- _RECORD EXTRACTS_:
◇ ◇ ◇ ◇
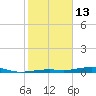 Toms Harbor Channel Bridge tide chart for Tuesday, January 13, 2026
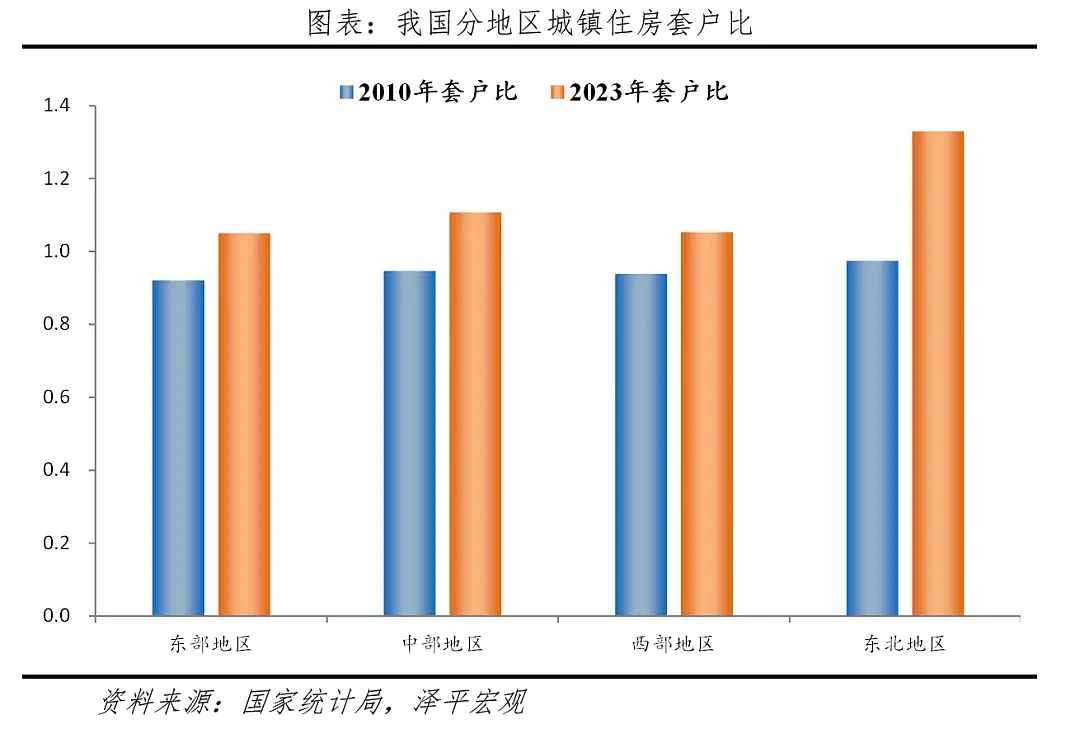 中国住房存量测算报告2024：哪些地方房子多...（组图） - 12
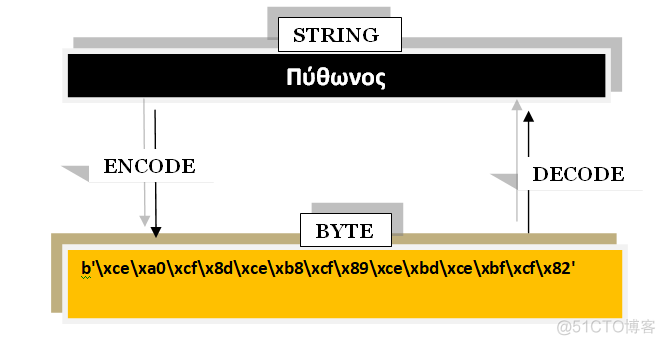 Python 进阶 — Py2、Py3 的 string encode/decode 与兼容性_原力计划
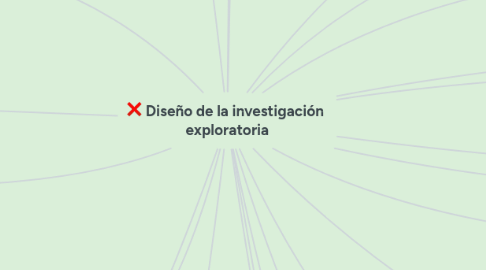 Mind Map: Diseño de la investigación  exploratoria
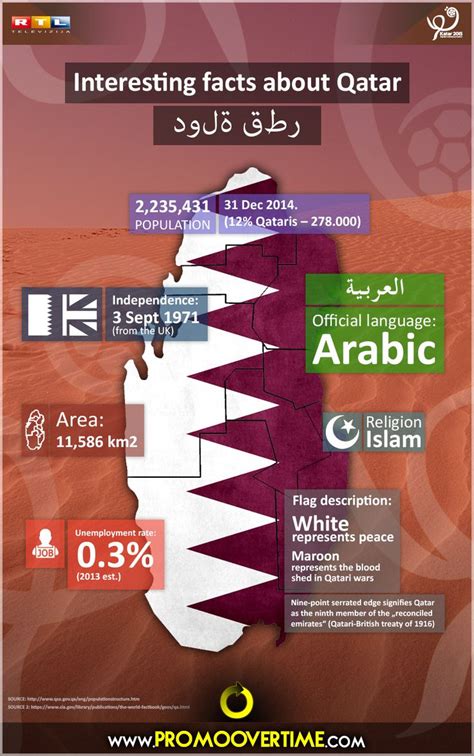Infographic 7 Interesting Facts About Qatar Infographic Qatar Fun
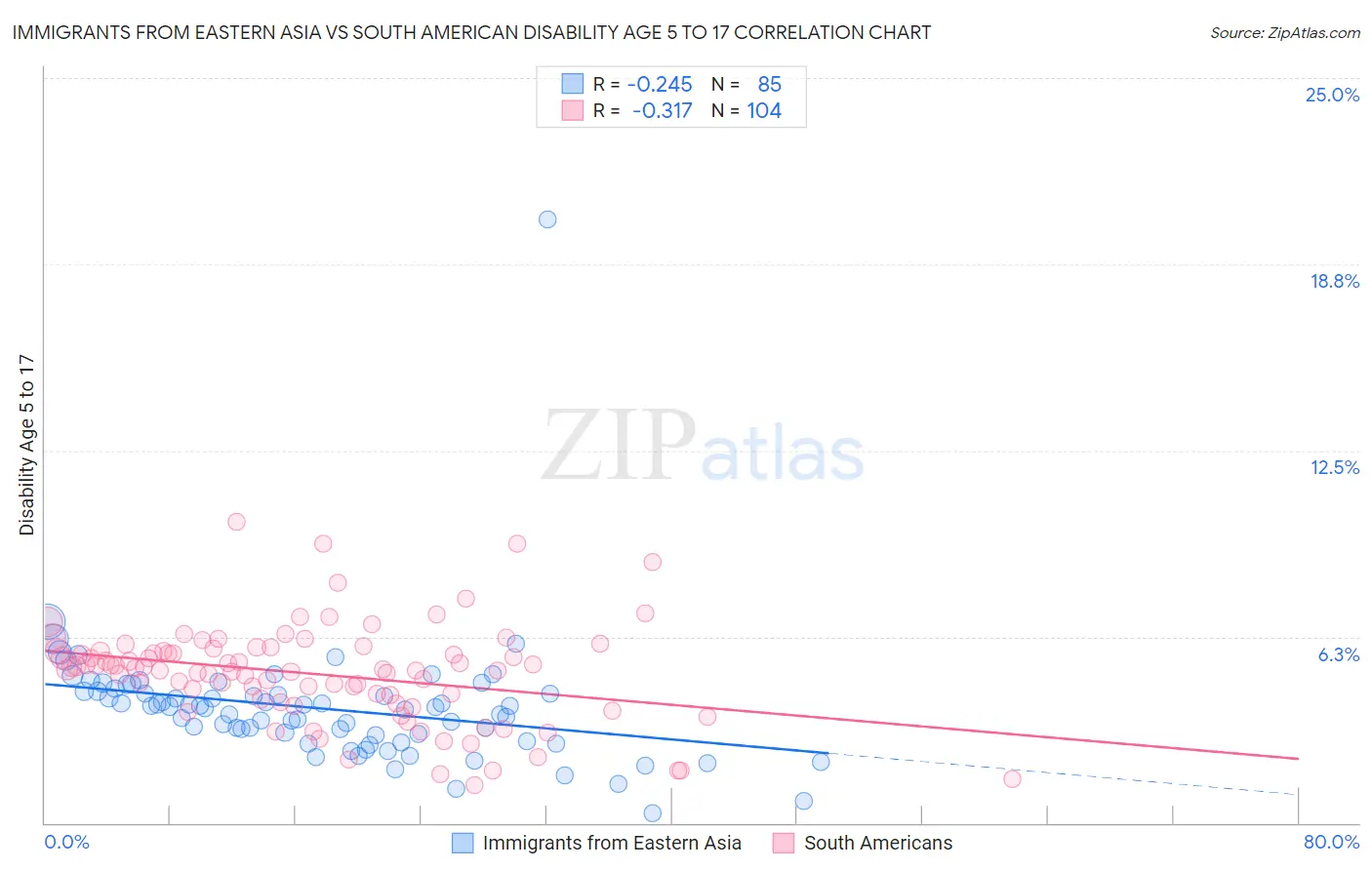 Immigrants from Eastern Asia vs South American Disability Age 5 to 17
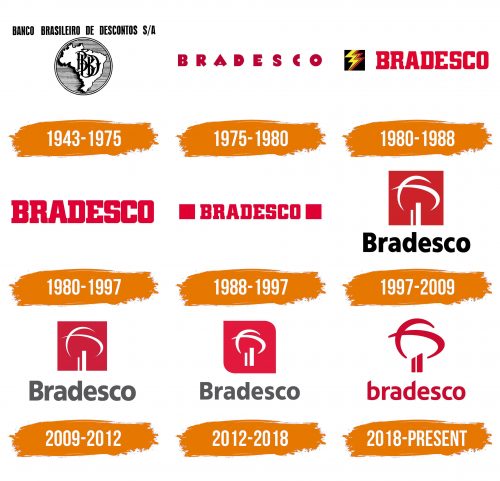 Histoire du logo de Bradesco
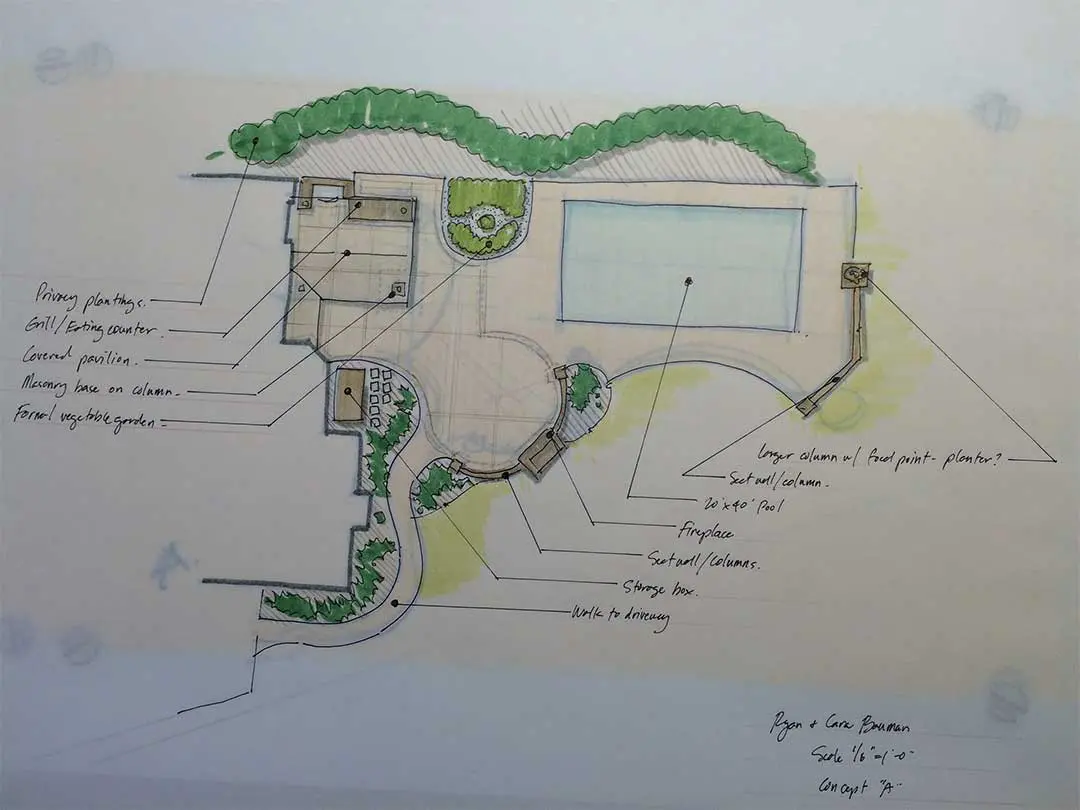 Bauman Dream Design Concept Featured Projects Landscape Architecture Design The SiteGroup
◇ ◇ ◇ ◇
- _WORK ITEM_:
Would you please transcribe the listing in full, exactly, while omitting the images?

- _EXERCISE ANSWER_:
 Toms Harbor Channel Bridge tide chart for Tuesday, January 13, 2026
 中国住房存量测算报告2024：哪些地方房子多...（组图） - 12
 Python 进阶 — Py2、Py3 的 string encode/decode 与兼容性_原力计划
 Mind Map: Diseño de la investigación  exploratoria
Infographic 7 Interesting Facts About Qatar Infographic Qatar Fun
 Immigrants from Eastern Asia vs South American Disability Age 5 to 17
 Histoire du logo de Bradesco
 Bauman Dream Design Concept Featured Projects Landscape Architecture Design The SiteGroup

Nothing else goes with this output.